The West Virginia Public Service Commission on Tuesday gave three coal-burning power plants an extended lease on life that will be paid for by the state's electric power customers.
The decision means the John Amos, Mountaineer and Mitchell power plants can remain in operation beyond 2028 to as far as 2040.
West Virginia ratepayers will be responsible for covering the $448 million cost of upgrading the plants to keep them in line with Environmental Protection Agency regulations. Kentucky and Virginia regulators declined to impose on their ratepayers any cost of keeping the plants open beyond 2028.
Supporters of extending the lives of the plants, particularly the West Virginia Coal Association, said the number of jobs they support and the tax base they provide to communities outweighed the increase in monthly power costs for consumers.
Consumer and environmental groups, as well as large industrial users of electricity, said power bills have gone up enough and make it harder to attract new residents and economic development.
With the rapid changes in the economics of electric power generation, as well as potentially stricter regulations on fossil fuels from the federal government in the coming years, there's no guarantee any of the plants will operate until 2040. American Electric Power executives acknowledged this during recent testimony to the commission.
The company had sought a decision from the commission by Wednesday.
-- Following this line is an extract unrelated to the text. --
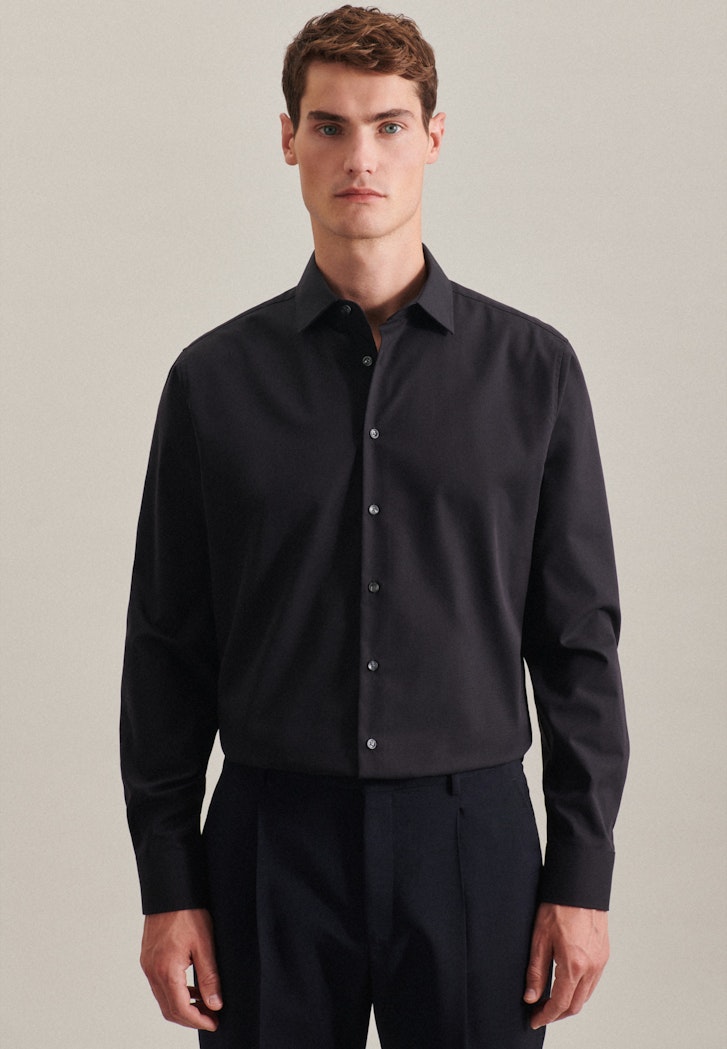 Herren Bügelfreies Popeline Business Hemd in Shaped mit Kentkragen schwarz  | Seidensticker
That was the deadline for AEP affiliates Appalachian Power and Wheeling Power to declare that they would proceed with the upgrades at the three plants or announce their retirement in 2028.
In addition the upgrades needed for EPA compliance, the commission's order on Tuesday said West Virginia ratepayers would be responsible for covering any operating and maintenance costs for the plants beyond 2028.
In their testimony, AEP officials declined to provide an estimate of such costs.